Cut the potatoes into bite-size cubes, leaving the skin on.
Line a baking sheet large enough to hold your potatoes in a single layer, first with aluminum foil (for easy clean-up) and then a sheet of parchment paper (optional but keeps potatoes from sticking).
In a bowl big enough to hold them, toss the potatoes with a generous drizzle of olive oil, and season liberally with the Kinder’s Buttery Garlic Salt and ½ tsp ground thyme.
Spread the potatoes into a single layer on your lined baking sheet, turning them so they are all cut-side-up/skin-side-down as possible. Roast in oven for 30 minutes.
While the potatoes are cooking, fry up the bacon slices until nearly crispy, and set aside (on paper towels) to cool.
Also while the potatoes and bacon are cooking, bring another small saucepan filled with water to a boil, then gently add the two eggs. Cook them for EXACTLY 7 minutes and not a damn second longer before pulling them out and placing into a waiting bowl of ice water.

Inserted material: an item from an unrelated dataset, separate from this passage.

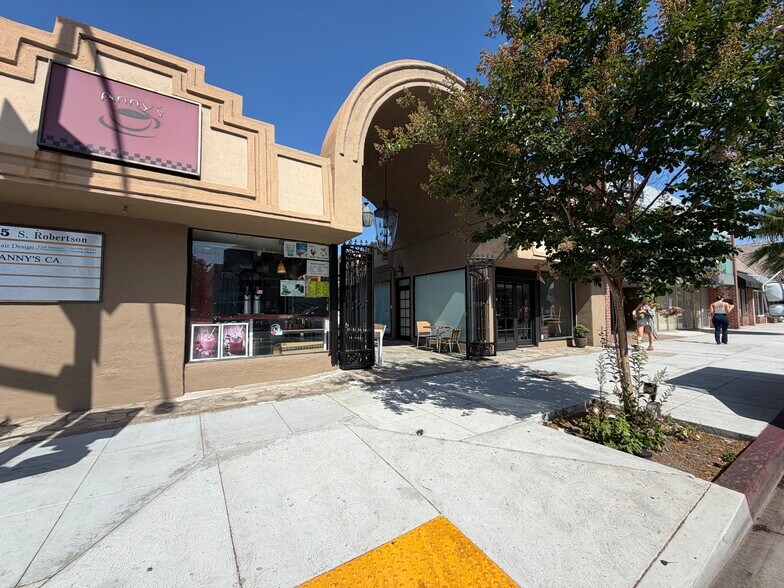 More Photos Of 265 S Robertson Blvd, Beverly Hills Restaurant For Lease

Let them chill while you prepare the remainder of ingredients.
Cut the celery stalk in half lengthwise, and then cut each half again lengthwise. Depending on how thick the stalk is, keep doing this until you have thin strips not larger than a quarter-inch thick. Then slice them cross-wise so you have tiny cubes of celery. This gives you a pleasant crunch without the annoying stringy-ness.

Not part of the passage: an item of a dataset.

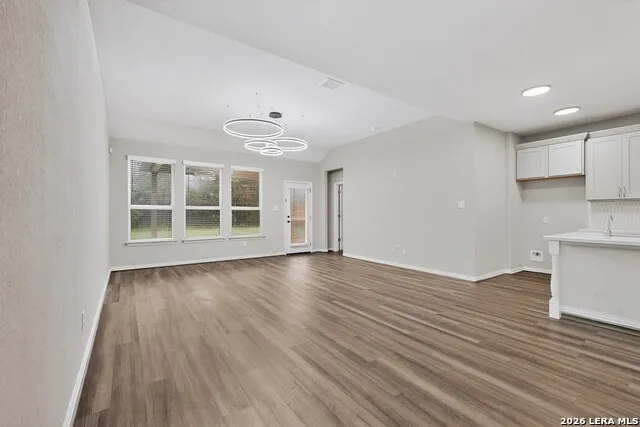 1239 LOMA RNCH New Braunfels, TX 78132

Slice the root tips off of the green onions and slice the remaining white and green parts into 1/8–1/4-inch pieces.
Chop/crumble the bacon slices.
Peel the eggs and cut them in half to remove the yolks, which will get added to the dressing. Chop the egg whites.
In a bowl large enough to hold everything, stir/mash the mustard, garlic and egg yolks together, then add the mayonnaise a spoonful at a time to make blending it all together easier. Stir in the marjoram, ¼ teaspoon of ground thyme, and several grinds of fresh pepper.
Add the potatoes to the bowl, then the celery, onions, bacon, and eggs. Gently stir to coat everything. Cover and chill for at least an hour before serving.